Tellingly, when I use the same approach to instantiate an object not inside a class, everything works just smoothly.

void varnt() {
    int i = 42;
    auto o = overloaded( [&](as&) {cout << i << "as"; } );
}

Any advice, explaination or hint at some workarounds will be enormously appreciated.

Thank you.

Answer 1

You cannot have a member variable which is not of some specific type which is what you're trying to do in phil_t, as overloaded refers to a template and not a type.

class phil_t;

auto make_overloaded(phil_t& pt) {
    return  overloaded { [&](auto & x) { /* do something with x */ } };
}

class phil_t {
    int i;
    decltype(make_overloaded(std::declval<phil_t&>())) o = make_overloaded(*this);  // <-- HERE
};

Live example here.

The problem with this code is that you want to use phil_t in your lambda, so you can't use my approach because phil_t is incomplete when make_overload is called.

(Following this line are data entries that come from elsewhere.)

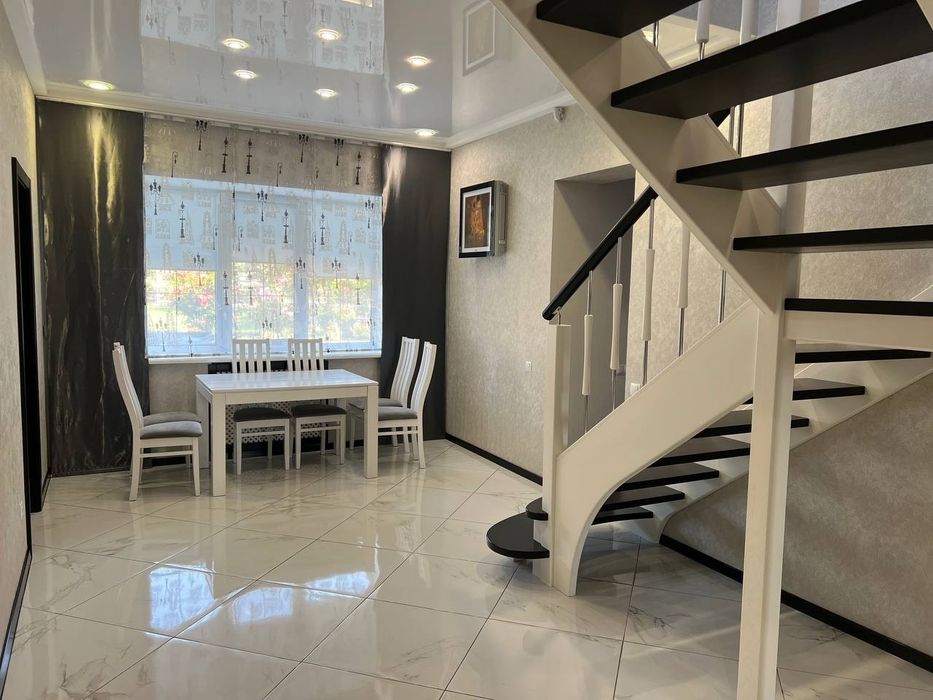 Продам 2х поверховий будинок Ремонт Правый берег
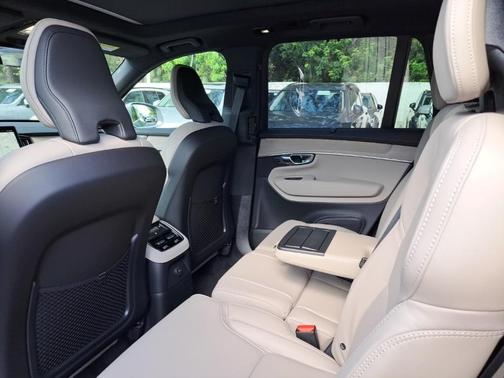2025 Volvo XC90 Plug-In Hybrid T8 Ultra 7-Seater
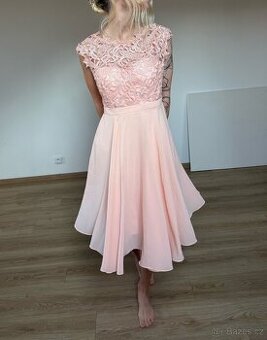 Meruňkové šaty s krajkou L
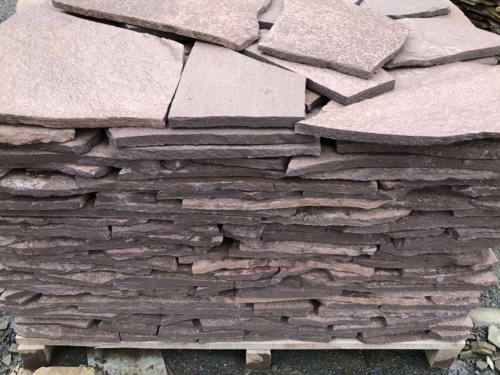 Плитняк лемезит бордовый для облицовки цоколя 20-25 мм  купить в Ревде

Thanks to @Evg: here's a solution using type erasure that works better than the code above:

#include <iostream>
#include <any>

template<class ...Ts>
struct overloaded : Ts... {
    using Ts::operator()...;
    constexpr overloaded(Ts... ts) : Ts(ts)... {}
};

struct as1 {};
struct as2 {};

class phil_t {
private:
    auto make_overloaded() {
        return overloaded{
            [&](as1& x) { std::cout << "1: " << i << std::endl; },
            [&](as2& x) { std::cout << "2: " << i << std::endl; }
        };
    }

public:
    phil_t() : o(make_overloaded()) {}

    template<class As>
    void foo(As as) {
        std::any_cast<decltype(make_overloaded())>(o)(as);
    }

private:
    int i = 42;
    std::any o;
};

int main() {
    phil_t p;
    p.foo(as1{});
    p.foo(as2{});
}

All credits of this second snippet go to @Evg !

Live example here.